Update (4PM Sunday): OK, Google has finally acknowledged the problem.


Update (6PM Sunday): Woohoo, my email is back! But I’m missing everything from the last few days—so if you tried to mail me over the weekend, please resend. Thanks!Google claims that this problem affected only 0.001% of Gmail users. All I can say is that they picked the wrong 0.001%. 🙂

I’m pretty sure that this is the longest I went without accessing my inbox since 1994.

My revised view: Google is not an evil behemoth. They’re a good company, and would be a great one if it didn’t take hundreds of people 40 hours to get through to them when something goes extremely wrong.

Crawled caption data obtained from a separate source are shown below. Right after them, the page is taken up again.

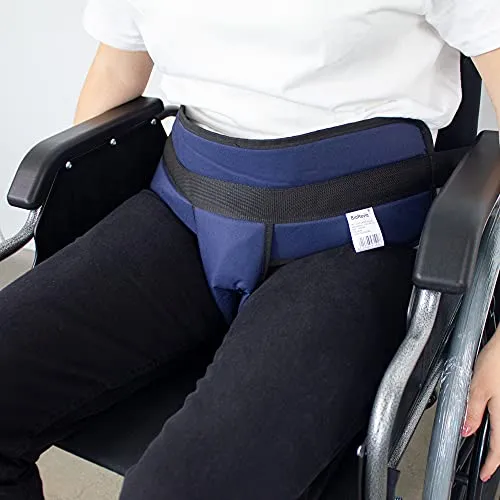 Mobiclinic Beckengurt mit Clipverschluss, Größe M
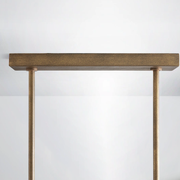 Evoke Linear Chandelier 48
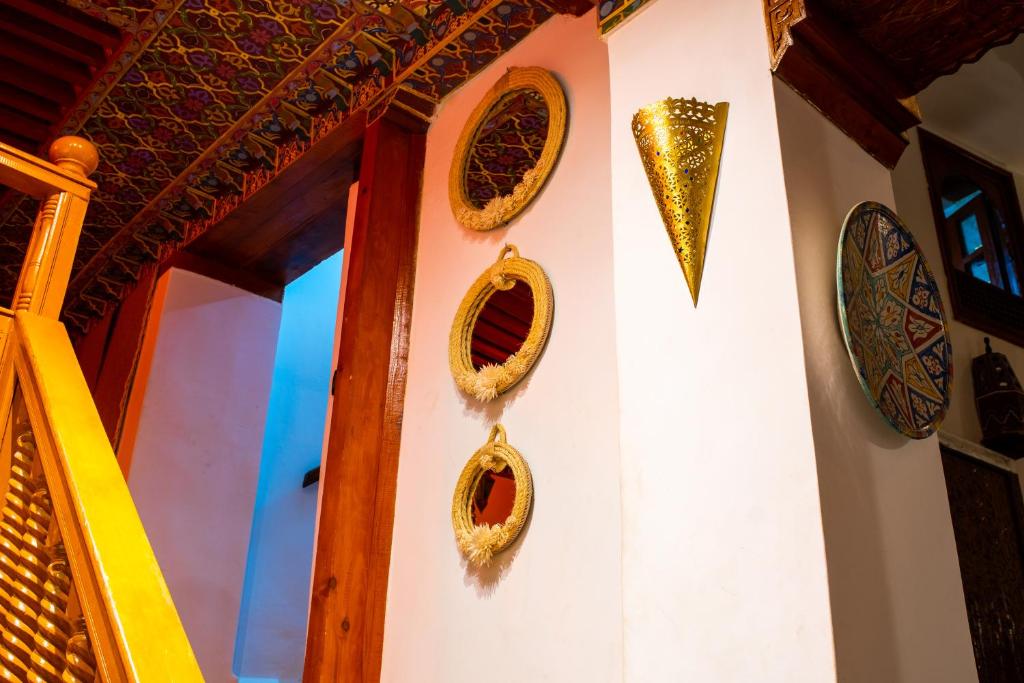 Fotografie z fotogalerie ubytování Riad Hamad Tijani v destinaci Fès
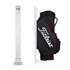 ClubsDock White - ClubsDock white with golf bag on it sideways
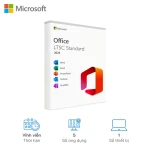 Phần mềm Microsoft Office LTSC Standard 2024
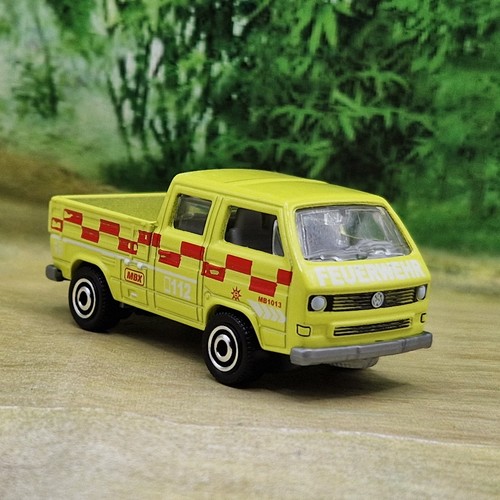 Matchbox transporter crew - vw,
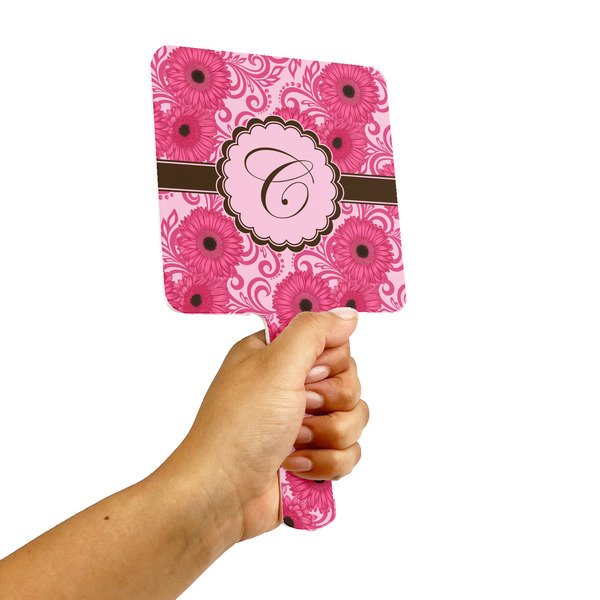 Gerbera Daisy Hand Mirrors - Alt View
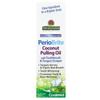 Nature's Answer Кокосовое масло для полоскания рта PerioBrite, с зубной щеткой и скребком для языка, освежающая мята, 8 жидких унций (240 мл)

23 Responses to “Off the grid”

  1. Gaal Yahas Says:

    https://mail.google.com/mail/?labs=0 any help?

  2. Carl Says:

    Shouldn’t your secondary email address be sr1729, since it was Ramanujan, not Hardy, who noticed its interestingness?

  3. Scott Says:

    Gaal: Alas, I get a 502 when I try to load that page as well. Thanks though!

    Carl: sr1729’s already taken.

  4. Vladimir Levin Says:

    I thought the imporant thing about 1729 is that it shows up in an episode of Futurama! 😉

  5. Tomas Says:

    Have you tried using Thunderbird and/or smpt to get your gmail? This has worked in previous gmail outages, where only the web interface goes down.

    BTW, there is something seriously wrong with some of the google login procedures. Whenever I try to log into Youtube from my usual gmail account, an infinite loop happens…

  6. Scott Says:

    Tomas: Yep, tried it, doesn’t work. Thanks though!

  7. Rory Kent Says:

    ghh1729) G. H. Hardy – 1729 aka the “Hardy–Ramanujan number”

    bqpqpoly) – Something to do bounded error quantum polynomial time. But I understand almost nothing of P=NP so can’t explain it any further.
    Nice e-mail addresses, though!

    As for the gmail thing, the same thing happened a few years ago. Google fixed that within a day or so. Hopefully (fingers crossed) it’s the same problem this time. But the massive delay in fixing the problem suggests otherwise.

  8. I can login Says:

    have you tried resetting the password to that account? I know you have not forgotten the password. But it could trigger some actions in the servers that might make things work differently, or on a different server.

  9. Scott Says:

    Interesting idea! Alas, I just tried it and it didn’t work.

  10. Higgs boson Says:

    I do not like your plans. What you were planning to do, was going to lead to my discovery. (http://bit.ly/2x9LG6)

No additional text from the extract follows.